The first edition of the novel contained historical errors which were detailed by Ernesto Galli della Loggia in the Corriere della Sera. Scurati responded to the controversy in a column also published in the Corriere della Sera. In it, he argued that the current era requires "a cooperation between the rigor of historical accuracy and the art of the novel".

The novel has been translated for publication in 46 countries.

==Reception==
The novel was a success, selling over 600,000 copies.

On the night between 4 and 5 July 2019, M: Son of the Century was awarded the prestigious Strega Prize. Scurati dedicated the award to those who fought against fascism.

The English translation by Anne Milano Appel was published by Harper on 5 April 2022. Sam Sacks of The Wall Street Journal wrote, "Readers will find themselves swept up by the story, thrilled by its conflicts and strangely forgetful that its 'hero' is a murderous despot. It's a dangerous lesson for a novel to convey, but a profoundly important one." Publishers Weekly praised the "magisterial prose, adeptly translated by Appel". In a mixed review, The Washington Posts Wendy Smith wrote, "European critics who noted that M was not precisely a novel had a point. Virtually every narrative chapter is followed by excerpts from period documents that mostly repeat the material laid out. This bumpy mix of fact and sort-of-fiction kills the book's momentum and makes it much longer than it needs to be." The book was also reviewed by The Atlantic, which praised its lessons as poignant.

==Adaptations==
===Television adaptation===

The novel has been adapted into an eight-part drama series. It features Luca Marinelli in the lead role of Mussolini. British filmmaker Joe Wright directed, while Stefano Bises and Davide Serino adapted the script.
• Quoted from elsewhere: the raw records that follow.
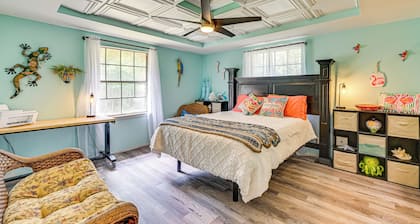 Easy I-30 Access: Cozy Texarkana Apt w/ Essentials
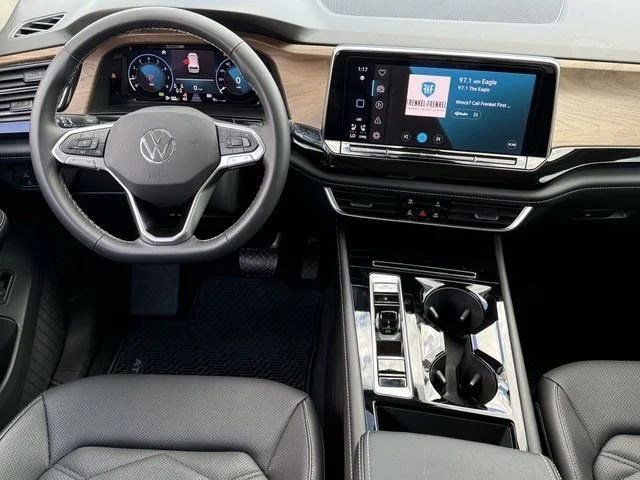 Certified Used 2025 White Volkswagen 2.0T SE w/Technology image 9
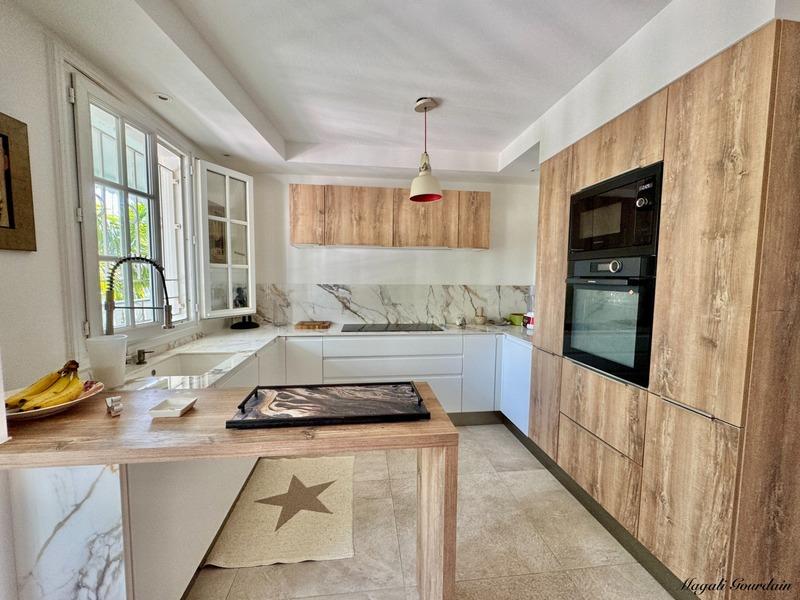 Appartement - 134 m² - 4 pièces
Filming began in October 2022 at Rome's Cinecittà studios. The series is produced by Sky Studios and Lorenzo Mieli's The Apartment Pictures, in collaboration with France's Pathé. The series was screened at the 81st Venice International Film Festival on 5 September 2024 and began airing on Sky Atlantic on 10 January 2025.

===Stage adaptation===
A stage adaptation was created by Massimo Popolizio, in collaboration with Lorenzo Pavolini, and interpreted by Popolizio himself with Tommaso Ragno. The play was produced by Piccolo Teatro di Milano-Teatro d'Europa, Teatro di Roma, and Istituto Luce Cinecittà, in collaboration with Centro Teatrale Santacristina.

- Cast

The theatre performance was recorded and broadcast by Rai 5 on 30 October 2022, directed by Marco Odetto.